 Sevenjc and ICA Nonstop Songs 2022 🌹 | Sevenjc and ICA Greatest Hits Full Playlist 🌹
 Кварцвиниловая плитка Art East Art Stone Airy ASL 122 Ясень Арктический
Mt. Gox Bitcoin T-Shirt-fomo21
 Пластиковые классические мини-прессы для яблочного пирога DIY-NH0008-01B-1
★ ★ ★ ★ ★ ★ ★
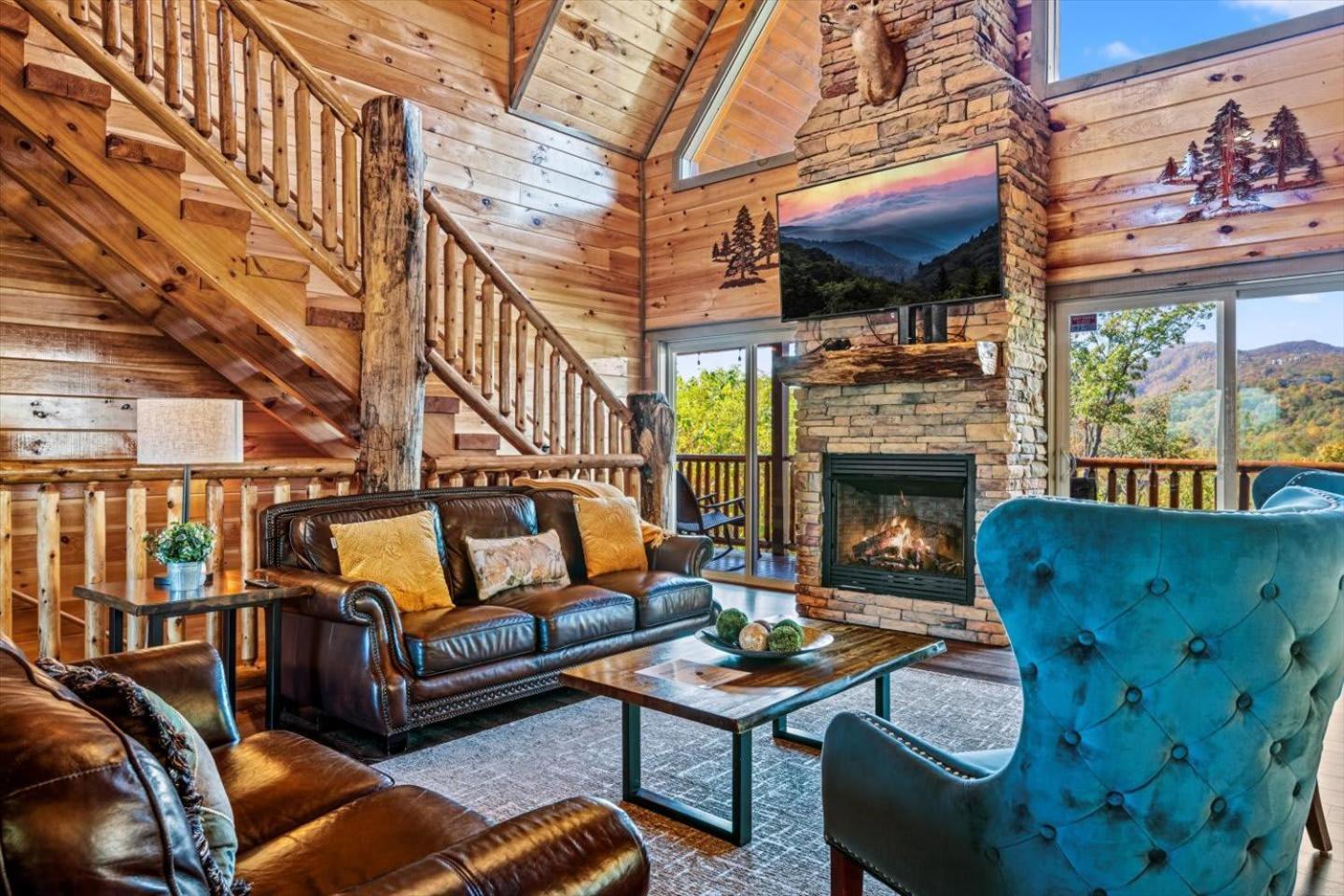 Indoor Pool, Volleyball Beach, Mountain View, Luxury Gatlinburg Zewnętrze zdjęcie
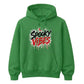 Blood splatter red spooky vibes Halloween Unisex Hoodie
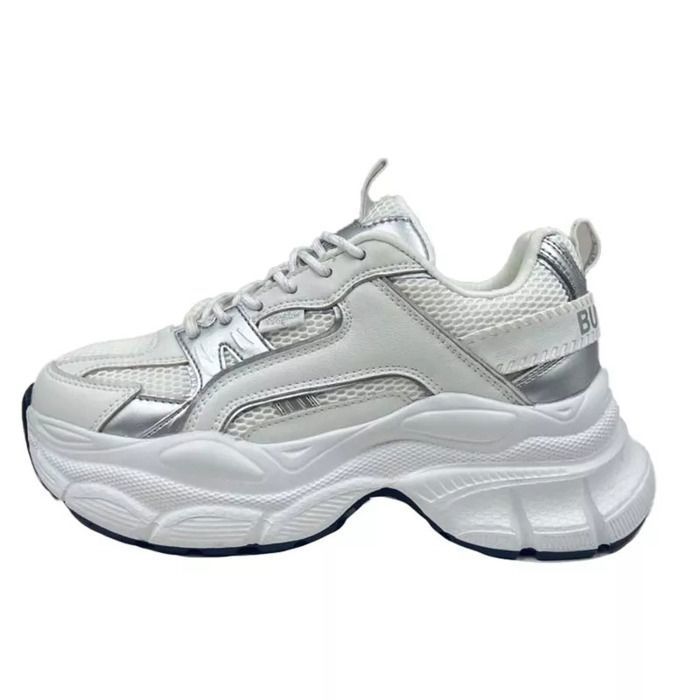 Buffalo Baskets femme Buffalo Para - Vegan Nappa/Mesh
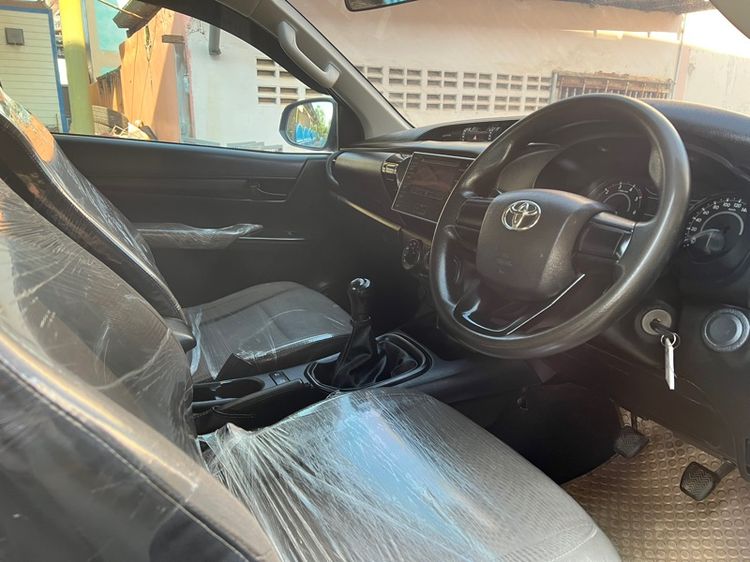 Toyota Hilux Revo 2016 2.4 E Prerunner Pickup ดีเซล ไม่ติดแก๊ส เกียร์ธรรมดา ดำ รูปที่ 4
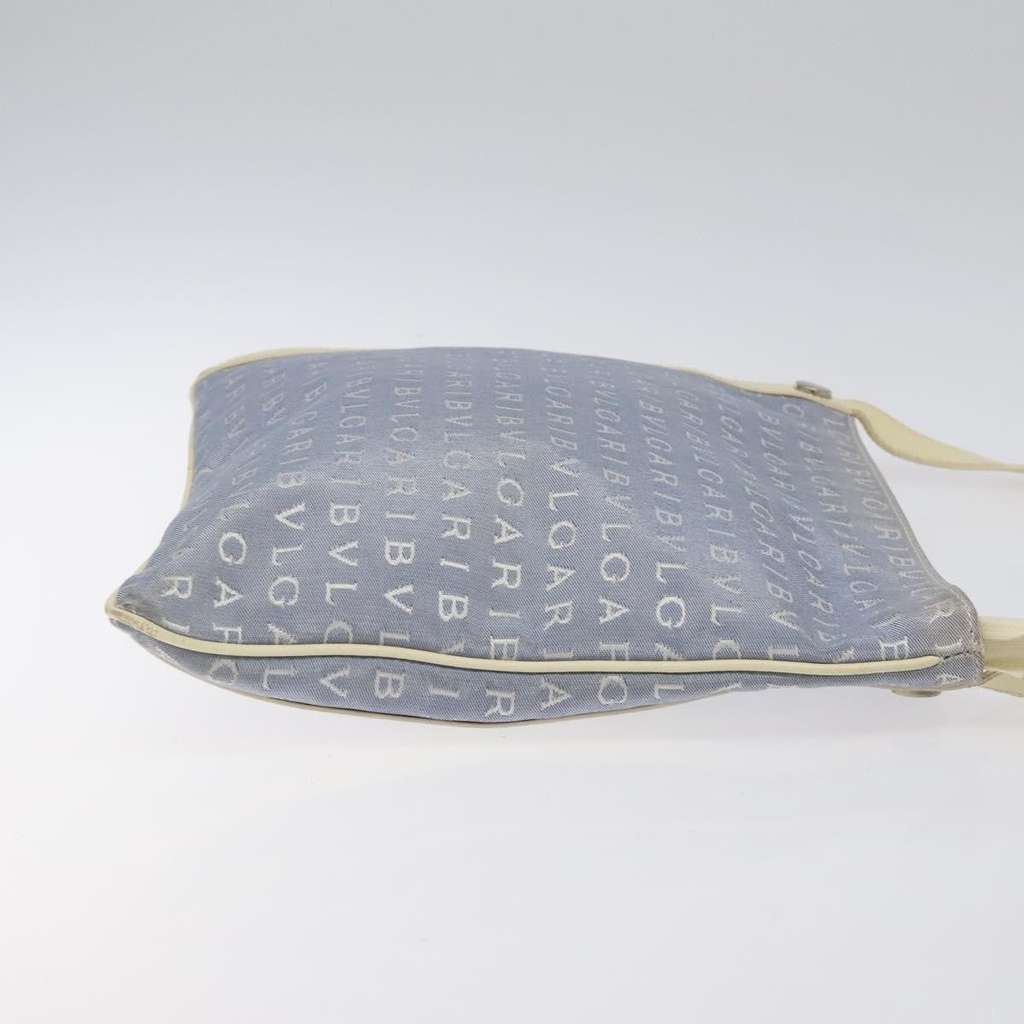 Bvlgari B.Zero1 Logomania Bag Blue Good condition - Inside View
★ ★ ★ ★ ★ ★ ★
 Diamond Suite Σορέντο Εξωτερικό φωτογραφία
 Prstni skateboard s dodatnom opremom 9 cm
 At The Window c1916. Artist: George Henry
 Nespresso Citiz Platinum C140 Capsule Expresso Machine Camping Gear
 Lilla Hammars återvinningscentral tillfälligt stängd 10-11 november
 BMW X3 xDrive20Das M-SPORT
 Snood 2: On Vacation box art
★ ★ ★ ★ ★ ★ ★
• _PROBLEM TO SOLVE_: Print exactly, with no pictures, the lines above from the one that holds "Buffalo Baskets femme" through the one that holds "Bvlgari B.Zero1 Logomania", both of them included.

• _YOUR SOLUTION_:
 Buffalo Baskets femme Buffalo Para - Vegan Nappa/Mesh
 Toyota Hilux Revo 2016 2.4 E Prerunner Pickup ดีเซล ไม่ติดแก๊ส เกียร์ธรรมดา ดำ รูปที่ 4
 Bvlgari B.Zero1 Logomania Bag Blue Good condition - Inside View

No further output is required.